The church also contains a copy of the oldest known image of Stockholm, the painting Vädersolstavlan (“The Sun Dog Painting”), a 1632 copy of a lost original from 1535. The painting was commissioned by the scholar and reformer Olaus Petri. It depicts a halo display, e.g. sun dogs, which gives the painting its name and in the 16th century was interpreted as an good omen.
After we left the Stockholm Cathedral in Old Town, we went to the Vasa Museum. The Vasa is the only preserved seventeenth-century (Viking!) war ship in the world, and a unique art treasure. More than 95 percent of the ship is original, and it is decorated with hundreds of carved sculptures. The 69 meter-long warship Vasa sank on its maiden voyage in the middle of Stockholm in 1628, and was salvaged 333 years later in 1961. For nearly half a century the ship has been painstakingly restored to its original glory. The three masts on the roof outside the specially built Vasa museum show the height of the ship’s original masts.

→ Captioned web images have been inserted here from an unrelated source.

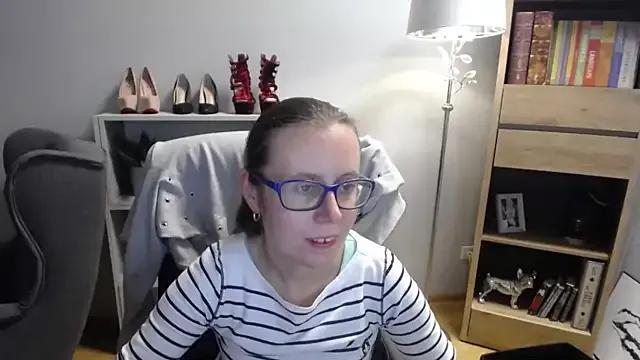 sweetxLizzy from StripChat is Freechat
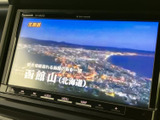 停車中にテレビや動画を楽しめる機能が備わっています。休憩時間などにリラックスできる空間を提供します。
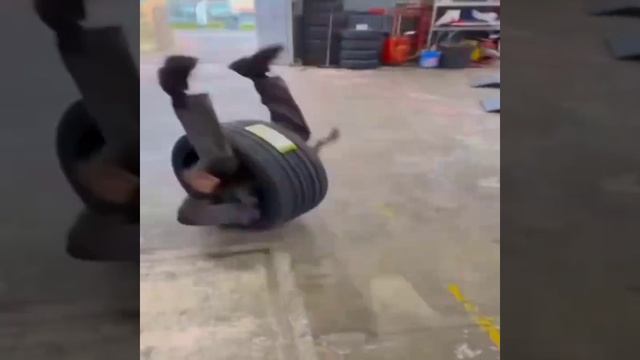 Так вот почему у меня шина не ровная! 😈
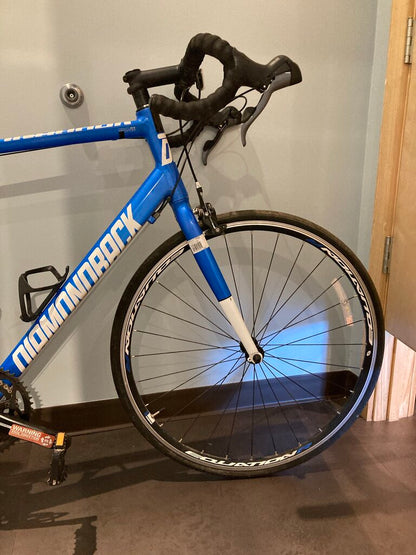 2017 Diamondback Century Sport Road Bike, Blue, 58cm Frame/700cm Wheels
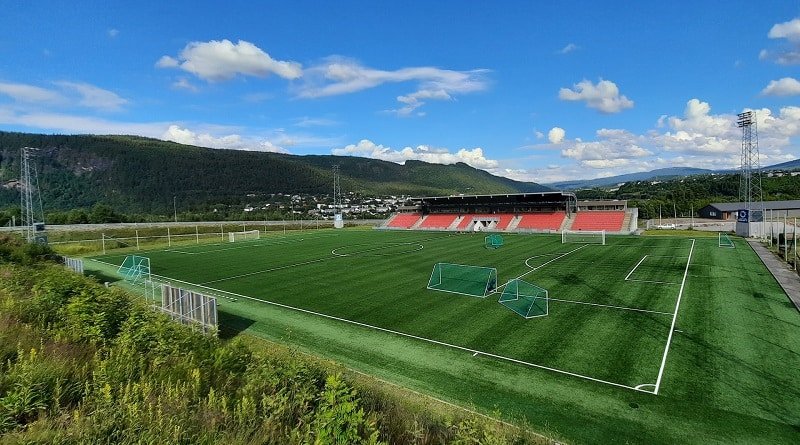 Sagbakken er definitivt et step opp i forhold til Tobbebanen. Foto: Terje Mollestad - nordicstadiums.com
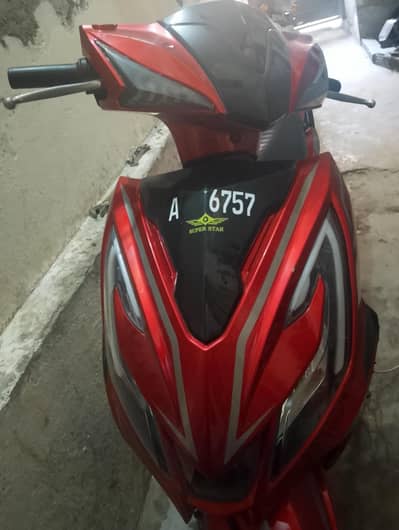 super star Scooty bio on tha time all ok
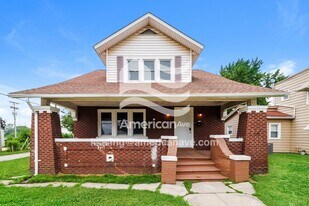 831 S Walnut St in South Bend, IN - Building Photo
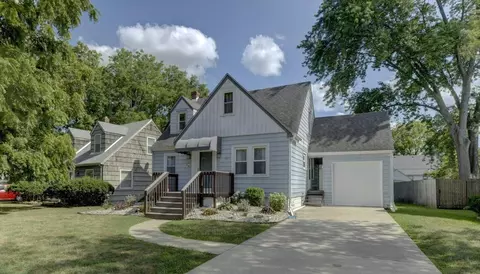 2124 Washington Cir, Munster, IN 46321 photo 24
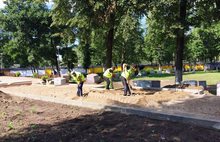 В Угличе заканчивают обновление парка Победы по губернаторскому проекту «Решаем вместе»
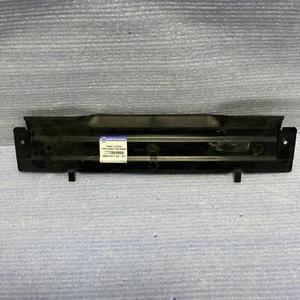 RADIATOR UPPER AIR SEAL COVER OEM 68408277AA JEEP GRAND CHEROKEE L 2021 - 2024 - Picture 1 of 7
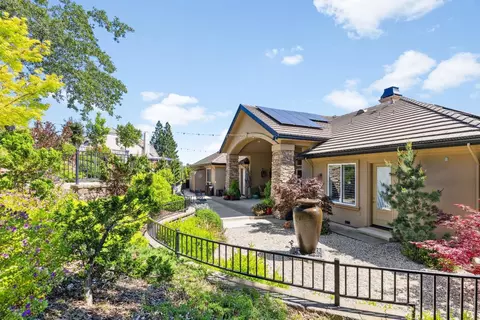 Exterior - 1480 Ridgeview Cir, Auburn, CA 95603 photo 14 of 24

This ship was amazing!!!! Jeff and I ended up taking 708 photos in Stockholm, and I think it was because we took so many of this ship! And we only had about 20 minutes to take photos and explore the museum once the guide was done telling us about it. It is enormous and impressive! Like the Stockholm Cathedral, it is impossible to get the entire ship into a regular photo. The photo below is good because you can see people in the lower left of the picture to give you a sense of the size of the ship!

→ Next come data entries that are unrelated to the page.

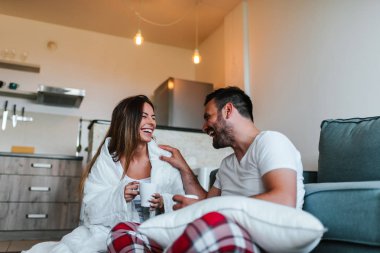 Genç çift evde pijama.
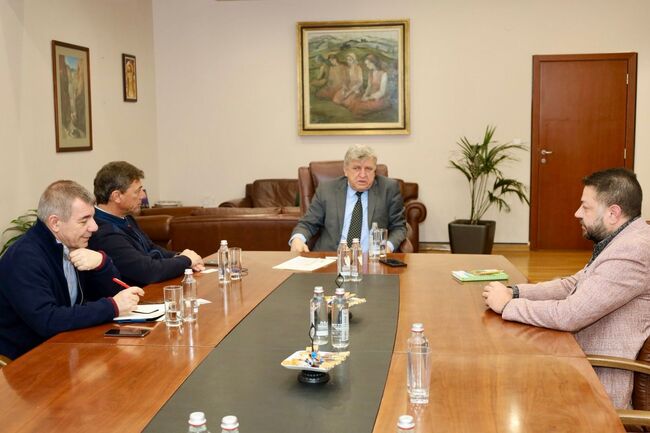 Подобряване на условията за туризъм в националните и природните паркове обсъди министър Манол Генов с Българския туристически съюз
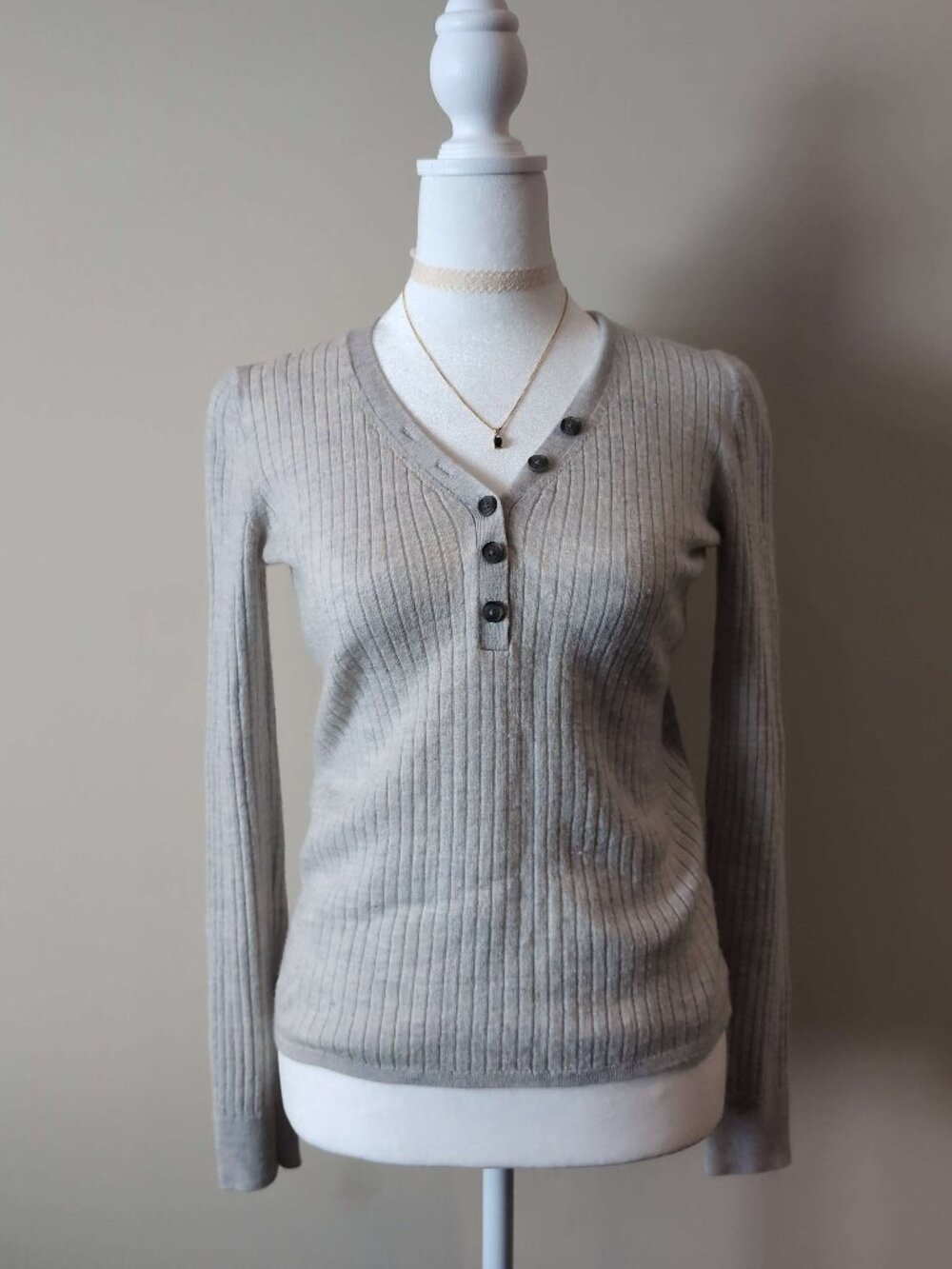 100% Merino Wool Beige Buttoned V-neck Sweater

The ship sunk because it was too top heavy. (Perhaps the Swedes were better explorers than engineers at that time?) It sunk in the archipelago, not far from the harbor, on its maiden voyage, in about 30 meters of water.Most of the people on board were rescued, as they could climb up the masts (which were 42 and 54 meters high) which stuck up out of the water. The ship stayed there with almost no damage for so many years because the sea water in the Stockholm archipelago is very brackish. So much fresh river water flows into it that sea worms and other decomposers cannot live in it. Below is another photo showing a scale model of the Vasa.
I definitely want to return to Stockholm to spend more time in the Vasa Museum! When we returned to the cruise ship, it was the second formal dinner night. This last photo is of Jeff and Me dressed up nicely for dinner, with the Stockholm archipelago in the background behind us as the ship headed out to Finland.